Critical periods for experience-dependent synaptic scaling in visual cortex

Niraj S. Desai1, 2, Robert H. Cudmore1, Sacha B. Nelson1 & Gina G. Turrigiano1

1  Department of Biology and Volen National Center for Complex Systems, MS 008, Brandeis University, 415 South Street, Waltham, Massachusetts 02454, USA

2  Current address: The Neuroscience Institute, 10640 John Jay Hopkins Drive, San Diego, California 92121, USA

Correspondence should be addressed to Gina G. Turrigiano turrigiano@brandeis.edu
The mechanisms underlying experience-dependent plasticity and refinement of central circuits are not yet fully understood.
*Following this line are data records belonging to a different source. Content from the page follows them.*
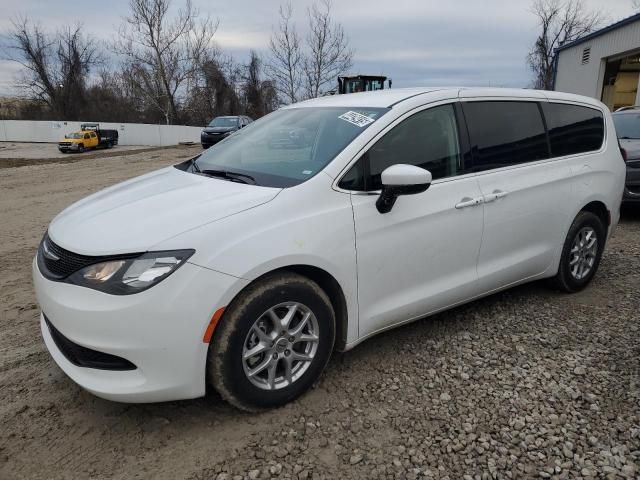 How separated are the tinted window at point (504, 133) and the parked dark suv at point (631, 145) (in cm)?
411

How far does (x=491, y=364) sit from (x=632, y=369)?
2.81 ft

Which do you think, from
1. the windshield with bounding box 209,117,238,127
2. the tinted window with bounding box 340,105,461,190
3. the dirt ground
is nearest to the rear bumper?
the tinted window with bounding box 340,105,461,190

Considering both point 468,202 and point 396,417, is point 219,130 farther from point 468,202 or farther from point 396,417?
point 396,417

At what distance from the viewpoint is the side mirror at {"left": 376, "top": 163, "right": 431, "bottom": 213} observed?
2.61 m

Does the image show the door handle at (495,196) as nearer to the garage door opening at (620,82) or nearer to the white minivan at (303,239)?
the white minivan at (303,239)

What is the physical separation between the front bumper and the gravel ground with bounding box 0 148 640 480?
12.6 inches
A non-Hebbian form of synaptic plasticity, which scales synaptic strengths up or down to stabilize firing rates, has recently been discovered in cultured neuronal networks. Here we demonstrate the existence of a similar mechanism in the intact rodent visual cortex. The frequency of miniature excitatory postsynaptic currents (mEPSCs) in principal neurons increased steeply between post-natal days 12 and 23. There was a concomitant decrease in mEPSC amplitude, which was prevented by rearing rats in complete darkness from 12 days of age. In addition, as little as two days of monocular deprivation scaled up mEPSC amplitude in a layer- and age-dependent manner. These data indicate that mEPSC amplitudes can be globally scaled up or down as a function of development and sensory experience, and suggest that synaptic scaling may be involved in the activity-dependent refinement of cortical connectivity.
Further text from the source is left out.